[Oberon] Re (2): "Inner core" and "Outer core".
Wim Niemann
niemannw at xs4all.nl
Sun Dec 8 18:28:51 CET 2019
> It has to do with booting the OS:
> 1) If you power-up your machine, the CPU gets initialized and the program counter is set to a specific ROM address
> 2) at this address resides the bootloader in ROM. it loads a few sectors from disk to RAM position 0. In these sectors is the linked inner core
> 3) After sector loading, the bootloader jumps to RAM position 0 and executes the inner core, basically the main body of Modules.Mod
> 4) The inner core loads the rest of the Oberon system (=outer core), basically Oberon.Mod and starts the Oberon loop.
The way I interpret the inner core is:
The compiler has to produce machine language which can run on the target hardware. By using 'MODULE *', version 0 compiler output can run directly on bare metal (e.g. the bootloader) but can not import MODULES.
The Oberon System requires dynamic loading of a module. Thus the compiler outputs .rsc files which support dynamic loading but must be linked and loaded before it can be executed.
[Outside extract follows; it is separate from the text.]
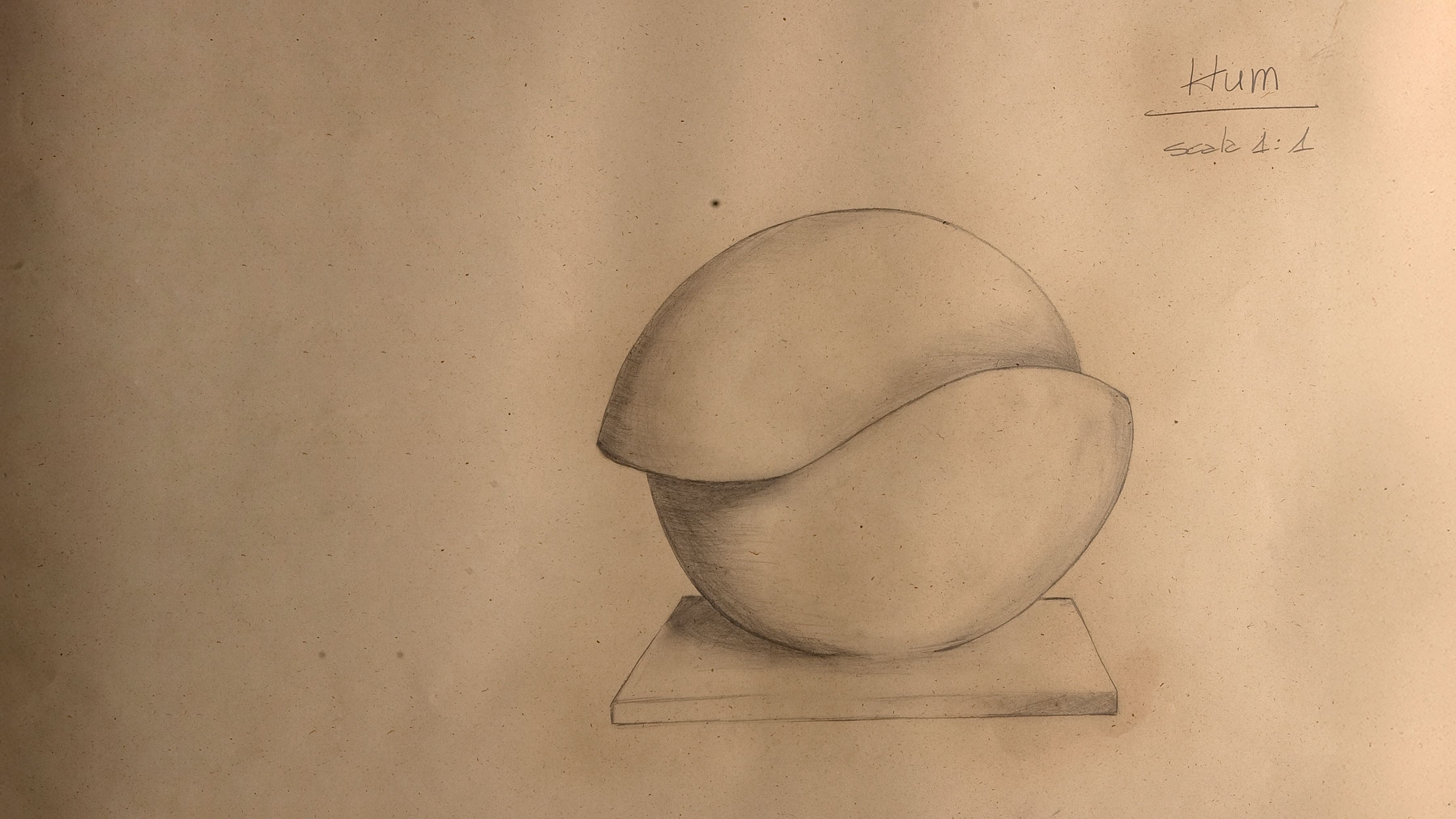 Mauro Mori Ateliers Courbet Humm Sculpture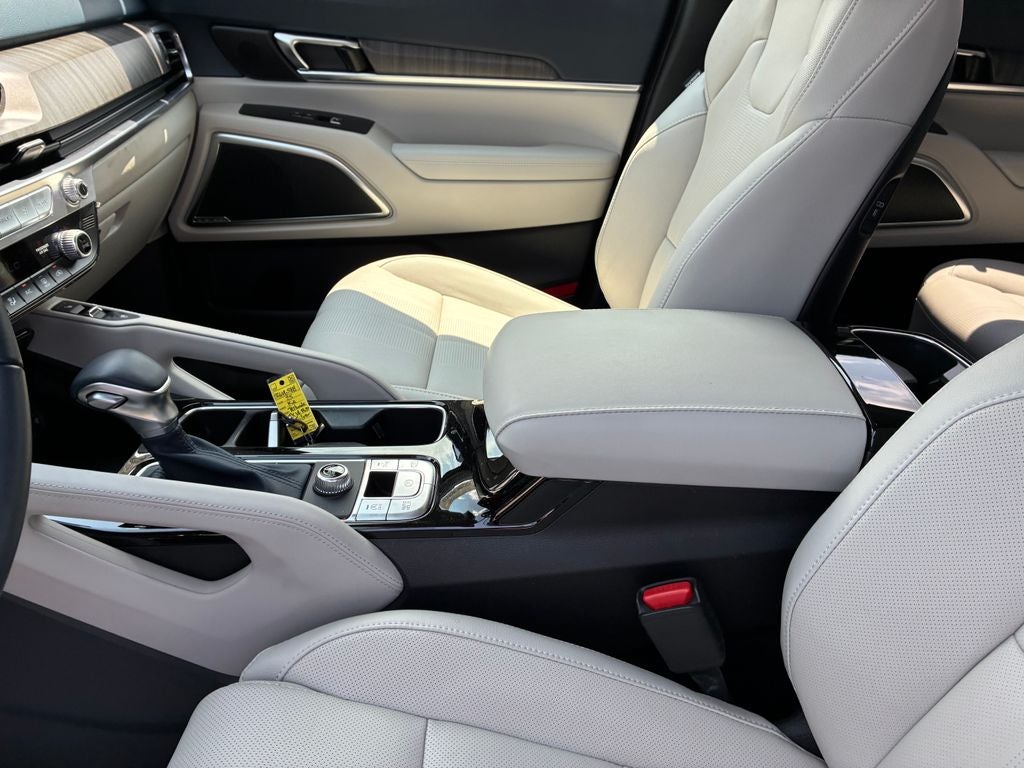 2025 Kia Telluride SX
** The inner core contains the minimum functionality which is required to run Modules.Load. **
When memory is empty after boot, Modules itself is not available to load Modules.rsc. Therefore Modules and its dependencies Kernel, FileDir and Files are pre-loaded as the inner core boot image (exactly like the result of loading Modules.rsc).
This looks like the simplest way of solving the chicken-and-egg problem of loading the dynamic loader at boot.
Now, the inner core uses exactly the same compiler .rsc output as all other modules. You do need a separate Modules.Mod to produce the inner core (CoreLinker.Mod in norebo).